Asked by Nick E., Menomonie, Wisconsin
I'm 23 years old and a fairly active person who has been in training as an amateur boxer for some time now, and I'm trying to improve my cardiovascular strength and stamina. I've been running outdoors quite regularly (every day to every other day), but I seem to have "topped out" my cardio strength. I was wondering if there is a more effective way to further improve on this. Is it better to run longer distances but at less intensity or vice versa? Do you have any other recommendations?
Hi, Nick. Depending on how serious you are, you may want to consider seeing an exercise physiologist for a thorough physiological assessment, including metabolic testing (e.g., VO2max, lactate threshold).
This can help you more objectively assess your cardiovascular fitness and determine optimal heart rate training zones for improving fitness and endurance.
The widely available equations for calculating heart rate training zones may not be specific enough to help you significantly improve performance, but they do provide a starting point, and when combined with a heart rate monitor, they can help you more accurately assess and monitor the intensity of your training sessions.

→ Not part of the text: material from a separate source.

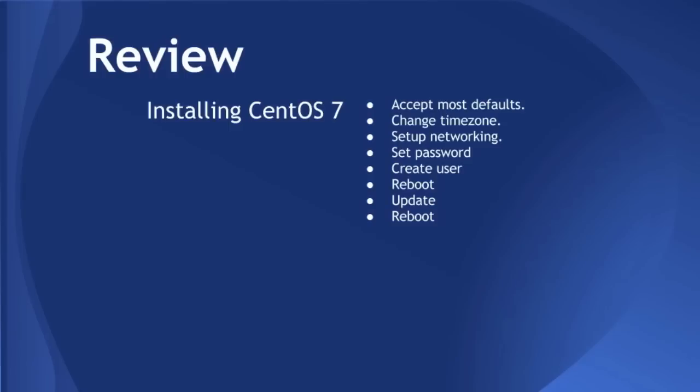So we accepted most of our defaults while installing CentOS. We changed time zone. We set up networking for the two interfaces to use DHCP and start on boot. We set a password, created the user. We rebooted. We updated it. And we rebooted again. So in the next video, we'll start using Vagrant with this image.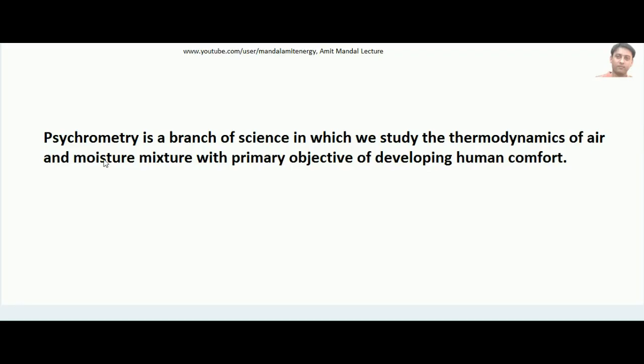I have developed the entire playlist in connection with this psychometry. So let us proceed with the first lecture. Today we will learn about psychometry. Psychometry is a branch of science in which we study the thermodynamics of air and moisture mixture with the primary objective of developing human comfort.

I find that many of my patients overestimate how hard they are working during workouts. Checking your heart rate, whether using a monitor or simply feeling your pulse immediately after a workout, can provide valuable information as to how hard you are working.
I consulted with a group of exercise physiologists, and based on the information you provided, they suggested the following:
• Mix it up between very low intensity and very high intensity
• To improve maximal aerobic fitness, all athletes need some aerobic base, regardless of the event. Spending time building a base is best at a lower intensity. Slow way down and run longer.
Even for a boxer, 45 minutes to an hour running very slowly (slow jog), out of season (months before a big, focused fight), will create a much higher level of aerobic fitness that will allow him to have more energy for longer periods of high intensity training/boxing.
• As a fight gets closer, the slow running needs to be reduced in overall training because it will slow you down neuro-muscularly. Work on some shorter bouts of higher intensity running to improve high-end cardiovascular development. This has to be worked around sport-specific high intensity training, not supersede it.
• A good example of a workout might be something like this: Warm up with an easy jog of 15 minutes, 2 x 200 meters at high intensity, recover fully between each rep, 2 x 400 meters, 1 x 800 meters, then finish with 2-4 x 100 meters sprinting. Cool down 15 minutes.
I hope this helps and again, to get more specific information, I recommend you consult an exercise physiologist who can more accurately tailor a workout to your needs.
Note that the idea of mixing up workouts also applies to weight loss. I find that many of my patients are able to break through weight loss plateaus by varying the intensity, type and duration of workouts on a regular basis.